Portal:VPN/Installation and configuration of WireGuard
Introduction
A VPN (Virtual Private Network) is a means to extend your local private network (in your home or office) with another private network. The traffic between the systems in both networks, although it travels on the internet, is encrypted, so eavesdropping on it is impossible.
In its most simple form it gives your desktop, laptop, tablet or smart phone (a one node network) access from anywhere to the network at home or your office. In this case WireGuard gives you a virtual network interface to the remote network. It looks as if your device is present in that remote network as a local device.
Configuration of WireGuard and Firewalld on both ends determines which systems locally and elsewhere are accessible.
- Example 1: All your traffic to that remote network and, if so configured, the Internet, goes through the tunnel to the WireGuard server in the remote network.
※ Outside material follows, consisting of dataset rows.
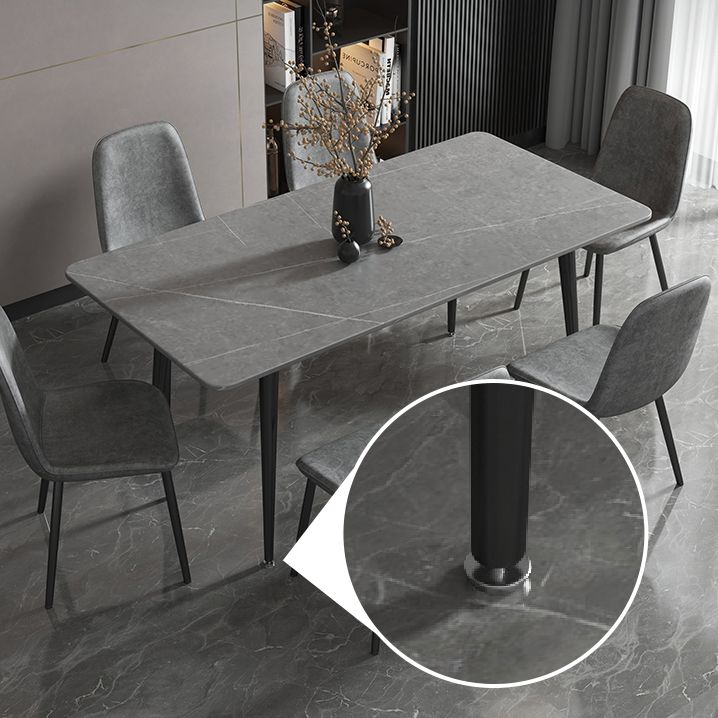Stone Top Dining Table Industrial 4 Legs  Dining Table for Dining Room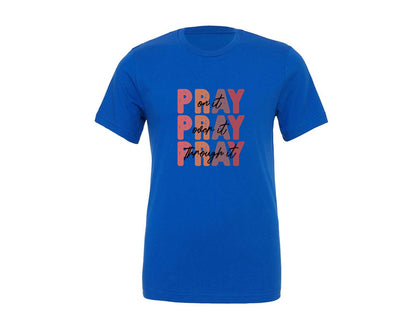 brand:Generic|color:True Royal Blue|Retro Christian Pray Jesus Faith Graphic T-Shirt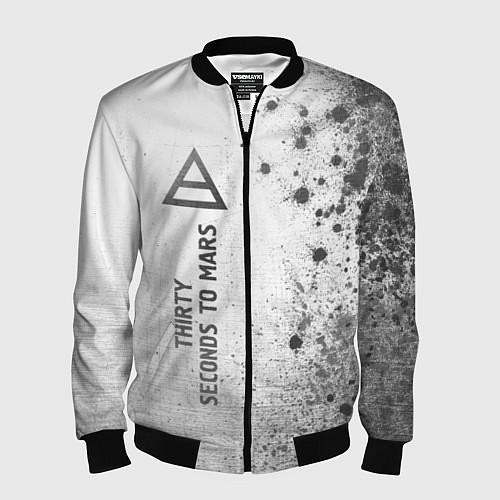Мужской бомбер Thirty Seconds to Mars - white gradient по-вертика / 3D-Черный – фото 1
The only traffic on your local network connection is the encrypted traffic through the tunnel. Even request for IP addresses of server names are not visible on the local network.
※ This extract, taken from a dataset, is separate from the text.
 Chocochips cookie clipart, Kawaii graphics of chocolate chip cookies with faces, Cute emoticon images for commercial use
- Example 2: Only traffic to the remote network goes through the encrypted tunnel to the WireGuard server in that network. Traffic to the Internet goes through the local network. In this case you trust the local network.
Extensive information on WireGuard can be found on the website of WireGuard.
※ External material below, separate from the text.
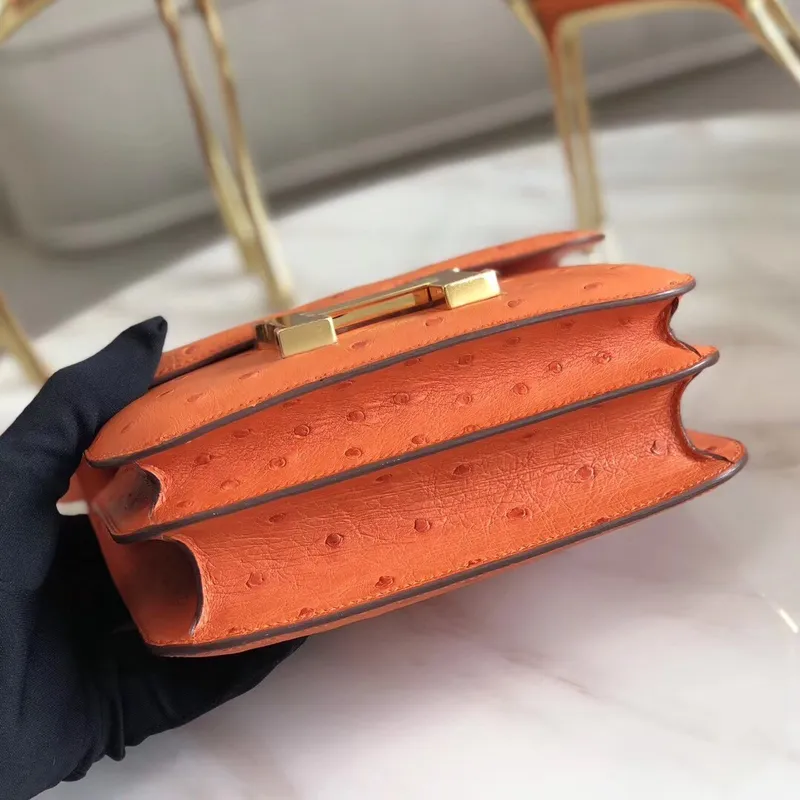 Hermes Mini Constance 18cm Oranžová Pštrosí Kůže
WireGuard is closely dependent on either iptables or nftables to work properly. Firewalld has been designed to ease the use of either of these. Most likely to protect your systems you already use Firewalld. In this wiki page we only use Firewalld in combination with WireGuard. The website of WireGuard has a page dedicated to this combination. It is more general, while here we want to focus on use in openSUSE.
This article needs to be expanded. You are welcome to help in line with the Style Guidelines.
Installation
On openSUSE yor can use YaST to install WireGuard and Firewalld, but configuration has to be done in a terminal, so why not do the installation on the terminal as well. You need to do almost all configuration as root, so work as root on a terminal.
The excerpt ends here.